Die Analyse des öffentlichen Finanzbedarfs für die Klimatransformation zeigt ein durchwachsenes Bild. Die Finanzierungslücke für die notwendigen klimapolitischen Maßnahmen, wie die Dekarbonisierung der Industrie und den Aufbau von Tank- und Ladeinfrastrukturen, fällt mit sechs bis sieben Milliarden Euro pro Jahr moderat aus. Dazu kommen allerdings noch Kosten für den Umbau des Stromnetzes, Infrastrukturen für Wasserstoff und CO2 und eine Kraftwerksstrategie, deren Finanzierung offen ist. Hier stehen noch wichtige Richtungsentscheidungen der Regierung aus.

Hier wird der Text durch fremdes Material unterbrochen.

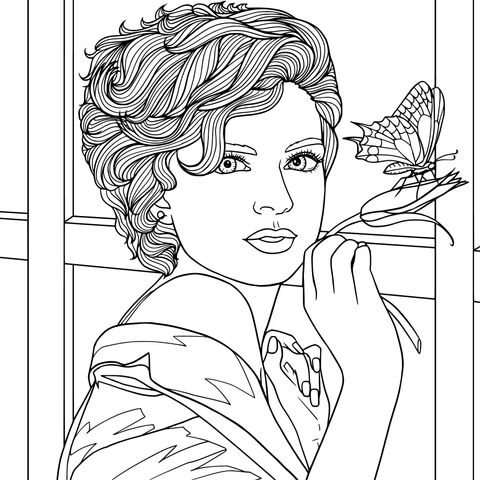 Coloring Page of a Woman Holding a Flower and a Butterfly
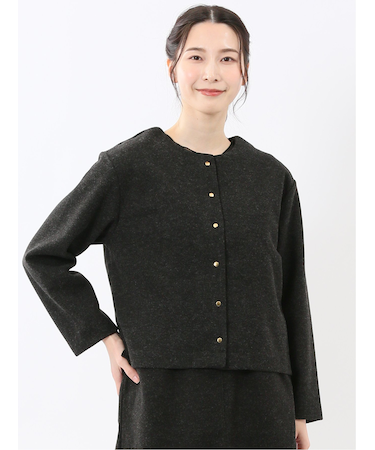 ストレッチウォッシャブル ウーリッシュ クルーカーディガン(セットアップ可能)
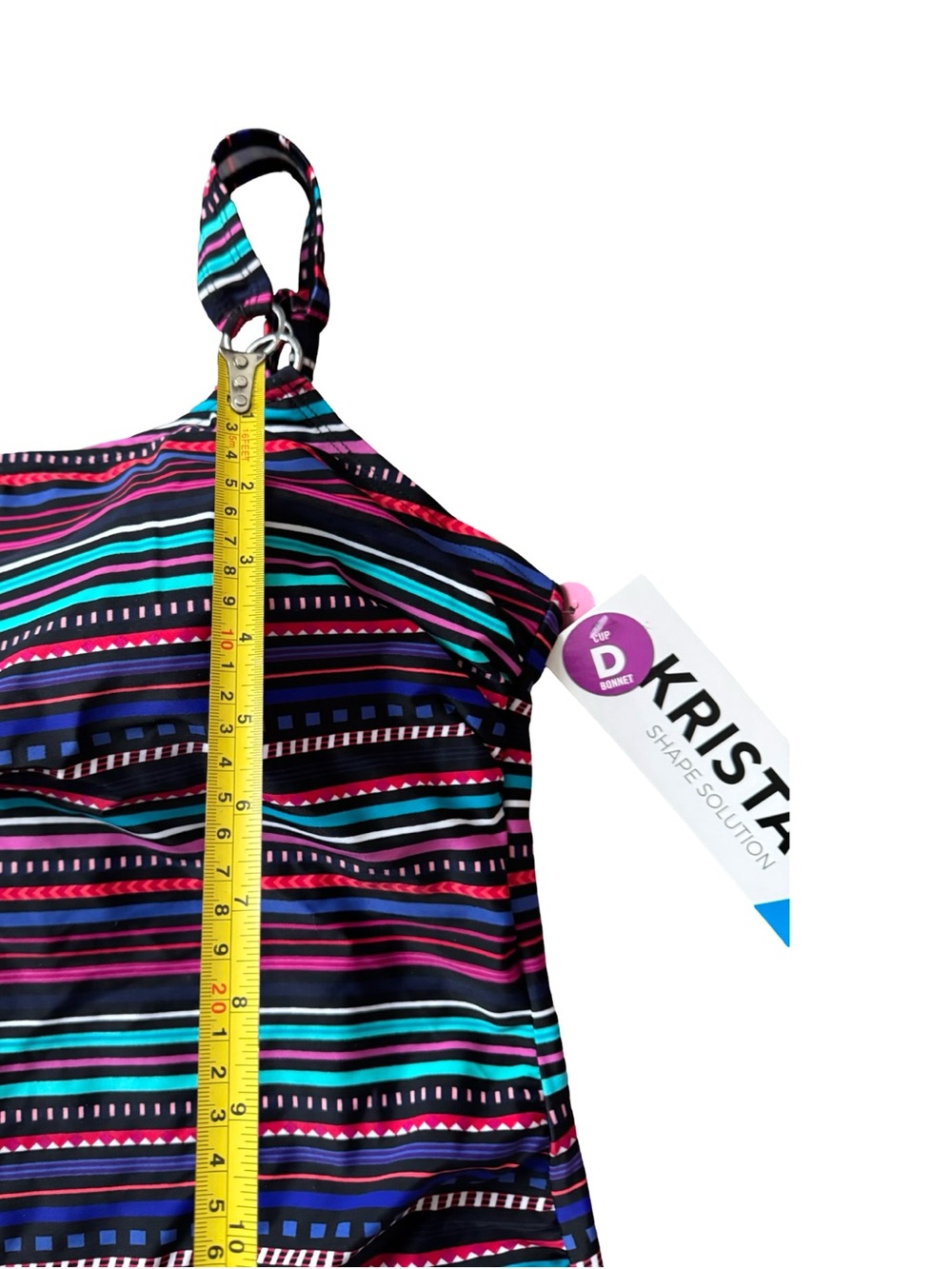 Krista Shape Solution Tankini Top XL Multicolor Stripe Waist Minimizer NWT - Picture 8 of 13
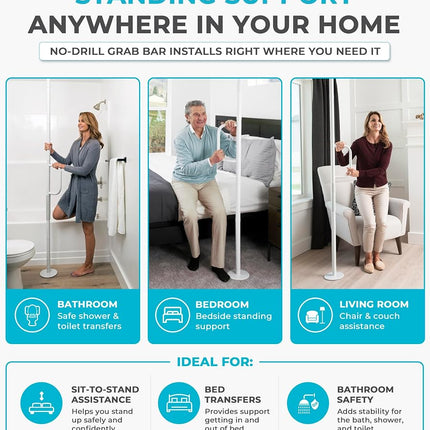 Able Life Universal Floor to Ceiling Grab Bar, Elderly Tension Mounted Transfer Pole, Bathroom Safety Grab Bar and Support Rail with Assist Handle (Eligible for VAT Relief in the UK)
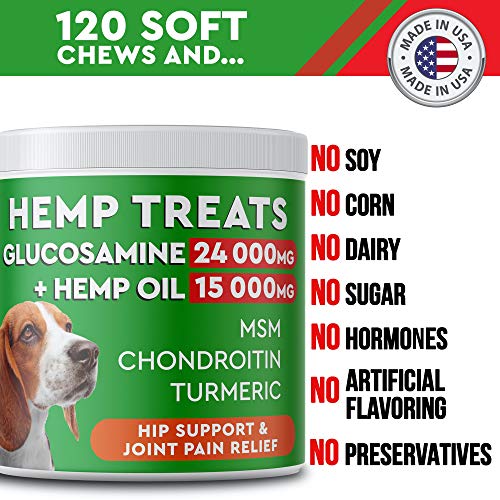 PawfectChew Hemp + Glucosamine Treats for Dogs – Made in USA Hip & Joint Supplement w/Hemp Oil Chondroitin MSM Turmeric…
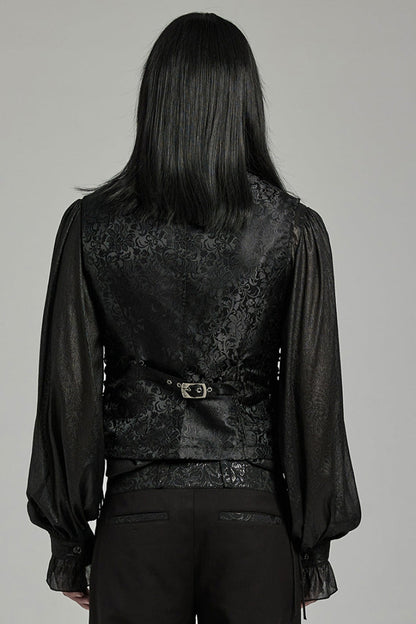 Black V Collar Jacquard Lace-Up Men's Gothic Vest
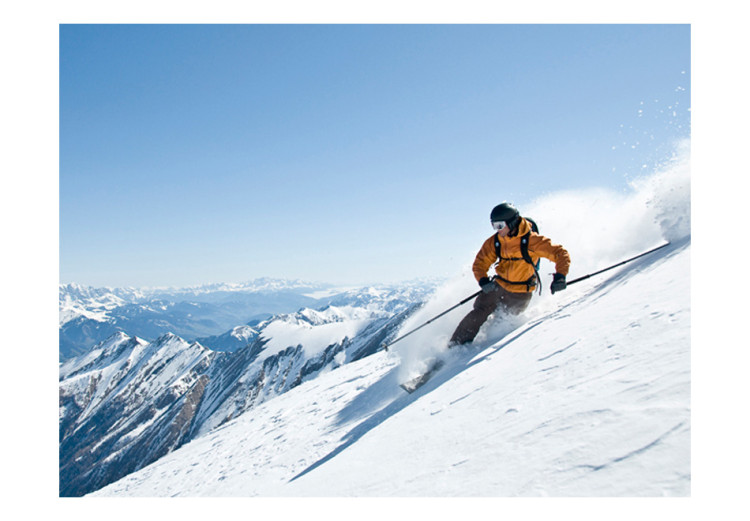 Vliestapete Extremsportarten - Skifahren im Schnee in den hohen Bergen 61161 additionalImage 1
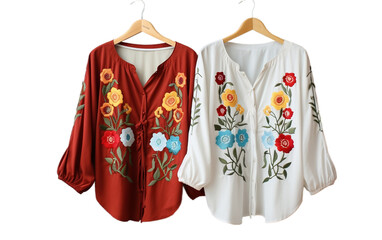 Floral Embroidery  tassel Blouses isolated on transparent background .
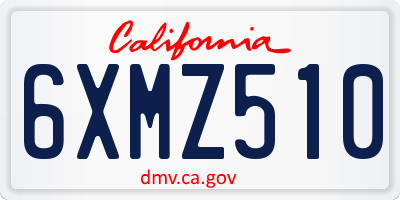 CA license plate 6XMZ510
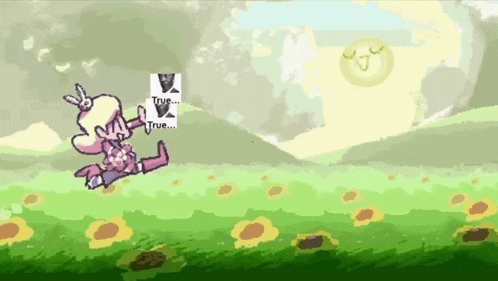 a pixel art drawing of a girl jumping in a field with the words true on the bottom right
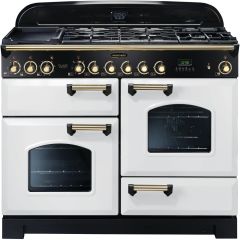 Rangemaster CDL110DFFWH/B Classic Deluxe Dual Fuel 110cm Range Cooker White Brass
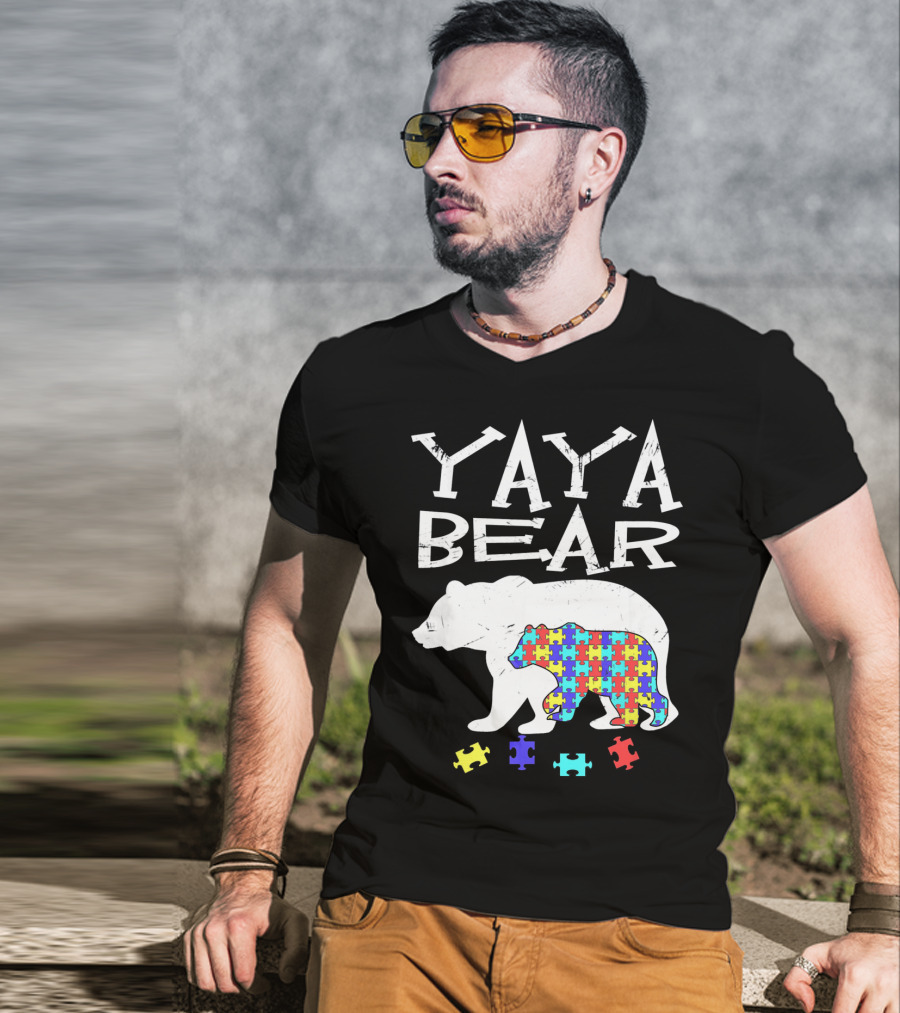 Yaya Bear Autism Awareness Puzzle Bear T-Shirt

Übersicht: Zusätzliche Investitions- und Förderbedarfe LINK

Finanzierung auf Faktenbasis debattieren, Sondervermögen vertretbar

„Unsere Zahlen liefern die Faktenbasis zum Investitionsbedarf und für eine jetzt notwendige sachorientierte Debatte über dessen Finanzierung“, sagt der BDI-Präsident. „Die Aufgabe ist so groß, dass sie über Legislaturperioden hinaus gedacht und gelöst werden muss. Spätestens seit dem Karlsruher Haushaltsurteil ist klar, dass es keine einfachen Lösungen gibt. Dieser Komplexität wird die seit Monaten ergebnislos geführte politische Debatte mit einer einseitigen Parteinahme pro Schulden oder pro Sparen nicht im Ansatz gerecht,“ kritisiert Russwurm.

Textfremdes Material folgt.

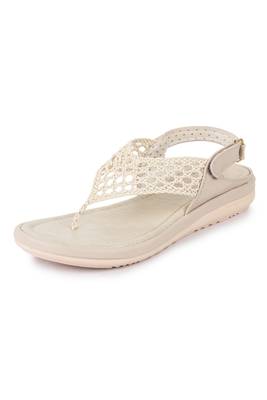 Beautiful Cream color synthetic material flats for women 4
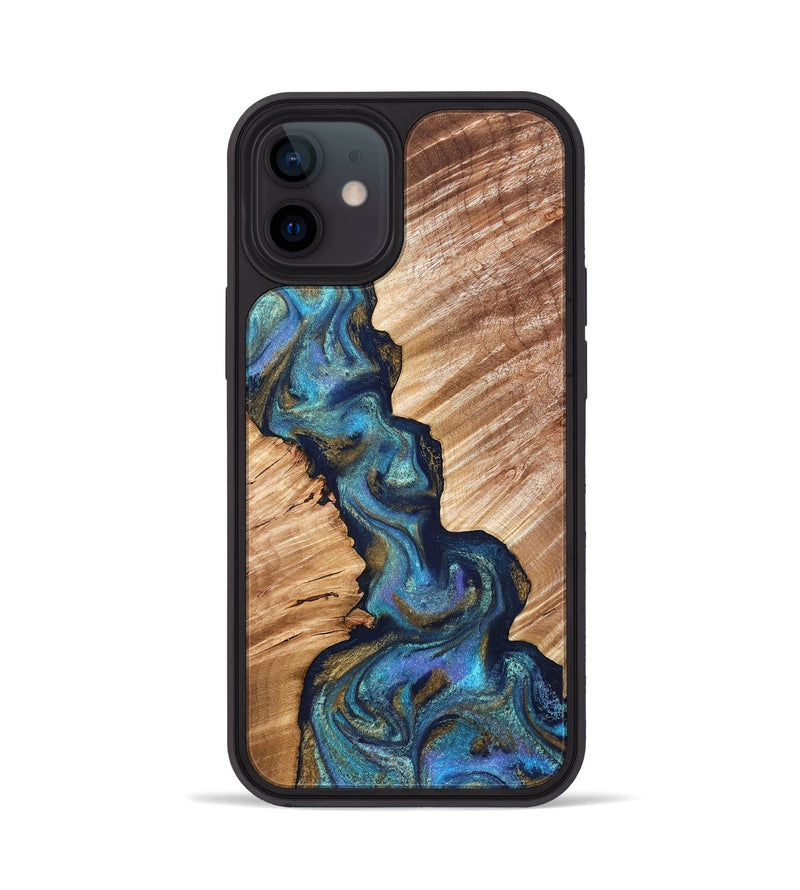 iPhone 12 Wood Phone Case - Marisol (Teal & Gold, 831276)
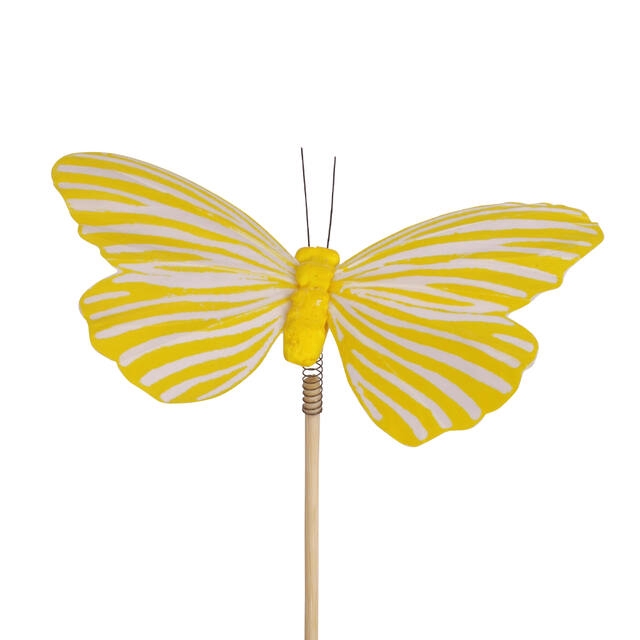 <h4>Bijsteker vlinder Spring 7x11cm + 50cm stok geel</h4>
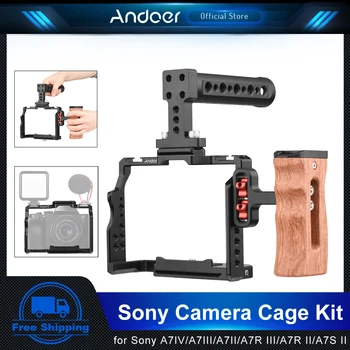 Andoer Videa Klietky Najvyššie Rukoväť Auta Hliníkovej Zliatiny s Chladné Topánky pre Sony A7IV/ A7III/ A7II/ A7R III/ A7R II/ A7S II Fotoaparát
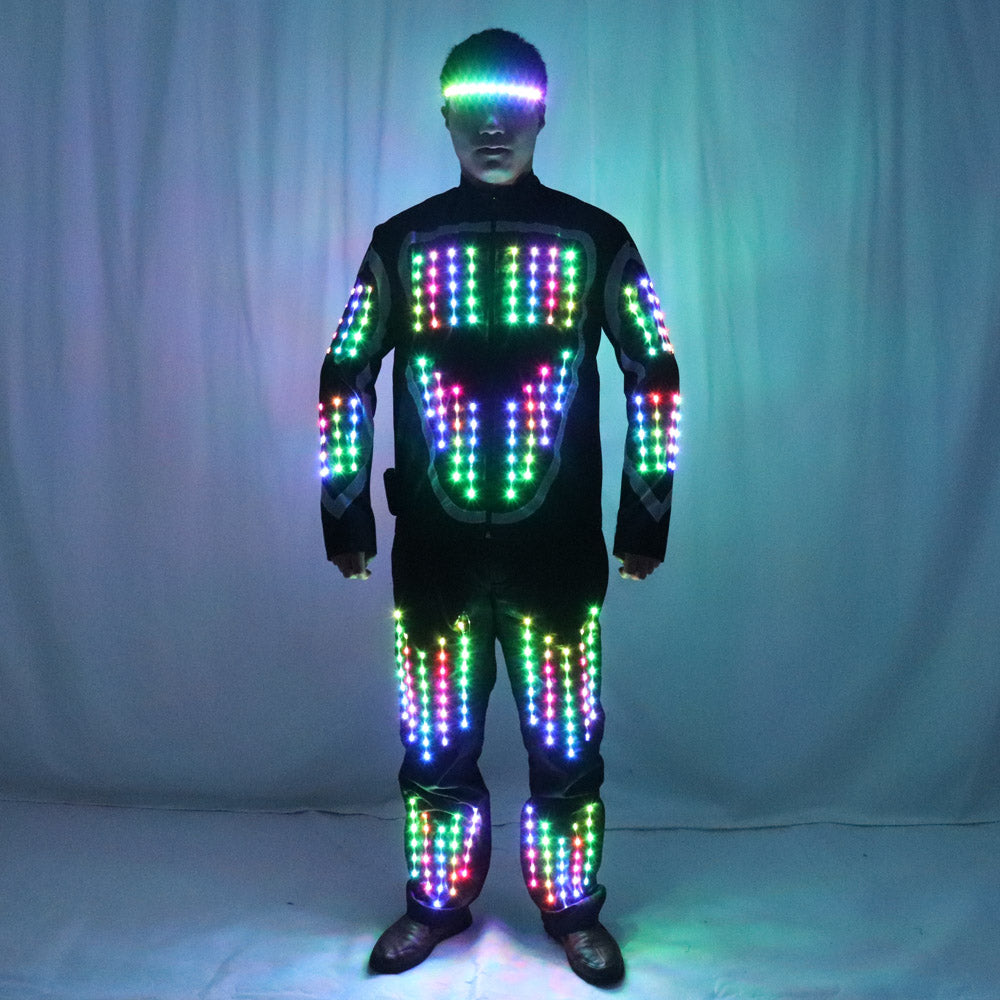 Full Color LED Growing Robot Suit Costume Men LED Luminous Flashing Clothing Dance Wear For Night Clubs Party Event Bar Supplies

Die im Grundgesetz verankerten Schuldenbremse sollte nicht – als vermeintlich einfachste Lösung – abgeschafft oder aufgeweicht werden. Vielmehr muss die Politik Ausgaben konsequenter als bislang priorisieren und zudem Gelder effizienter einsetzen, so der Industrieverband. Um zusätzliche Spielräume – vor allem im Bundeshaushalt – zu gewinnen, hält der BDI grundlegende strukturelle Reformen für dringlich, etwa um das Arbeitsangebot zu erhöhen oder um Bürokratie abzubauen. So ließen sich die wirtschaftliche Dynamik und private Investitionen steigern. „Wer Wachstumskräfte stärkt, gewinnt zusätzlichen Finanzierungsspielraum“, merkt Russwurm an. Durch diese Schritte freiwerdende Mittel sollte der Bund vorrangig für höher absehbare Bedarfe in der Verteidigung und das Abpuffern des demographischen Wandels nutzen. „Diese Aufgaben gehören in den Kernhaushalt“, fordert Russwurm.

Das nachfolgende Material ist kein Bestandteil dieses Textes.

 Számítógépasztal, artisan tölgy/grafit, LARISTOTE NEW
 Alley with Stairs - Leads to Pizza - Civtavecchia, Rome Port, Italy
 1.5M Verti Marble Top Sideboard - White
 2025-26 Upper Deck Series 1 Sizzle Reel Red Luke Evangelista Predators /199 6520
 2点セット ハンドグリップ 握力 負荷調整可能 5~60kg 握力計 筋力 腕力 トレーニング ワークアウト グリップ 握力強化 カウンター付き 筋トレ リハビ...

Nur unter der Voraussetzung, dass eine Haushaltskonsolidierung und entschlossene Strukturreformen erreicht werden, hält es der BDI für vertretbar, präzise zweckgebundene und zeitlich klar definierte Sondervermögen einzurichten. Der aufgestaute Investitionsbedarf sowie außerordentliche und vorübergehend notwendige Anschubfinanzierungen für die Transformation und mehr Resilienz können nicht ohne ein mehrjähriges Programm mit einem klugen Mix unterschiedlicher Instrumente geleistet werden. „Die Lösung dieser Herausforderung darf nicht länger aufgeschoben werden. Bund und Länder müssen die notwendigen Entscheidungen, die mehrere Legislaturperioden überspannen, jetzt angehen“, sagt Russwurm.